◆ WHAT IS BEING ASKED: All of the listing, from first line to last, should be output exactly; the pictures stay out.

◆ INPUT DATA:
++++++
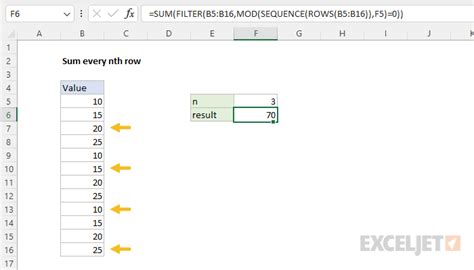 Sum Every Nth Row Excel Formula Exceljet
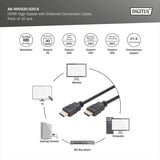 Digitus HDMI High Speed kabel med Ethernet, pakke med 10 Sort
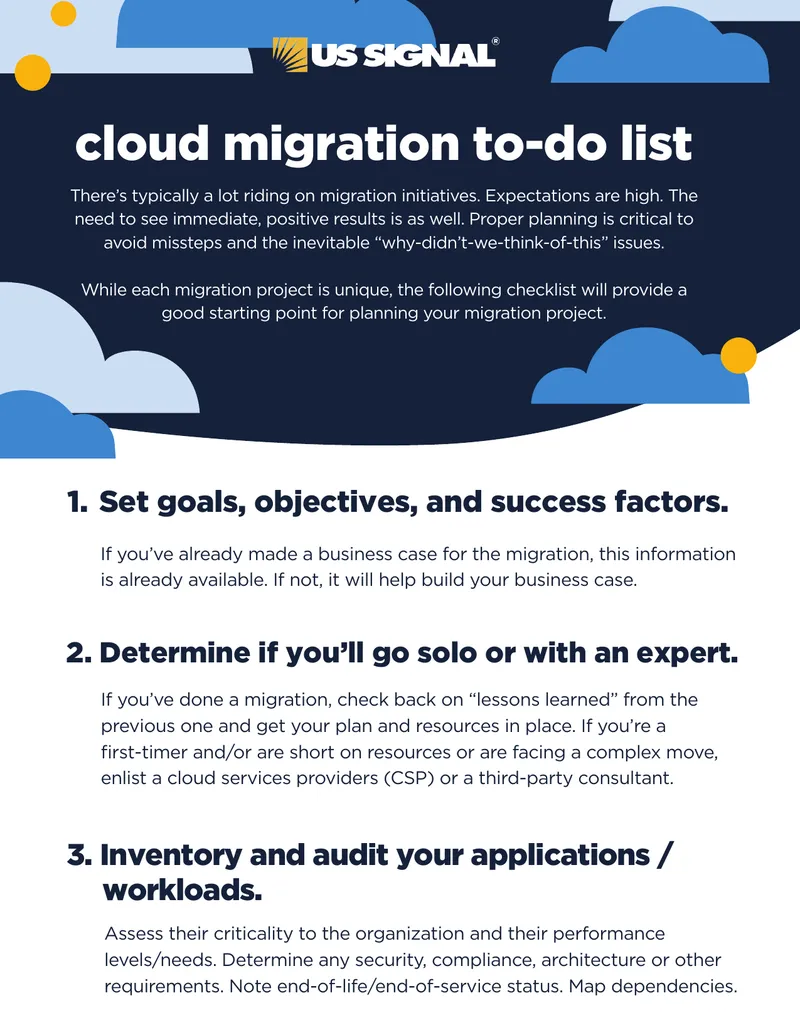 Cloud Migration Planning Checklist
++++++
◆ SOLUTION FOR THIS PROBLEM:
 Sum Every Nth Row Excel Formula Exceljet
 Digitus HDMI High Speed kabel med Ethernet, pakke med 10 Sort
 Cloud Migration Planning Checklist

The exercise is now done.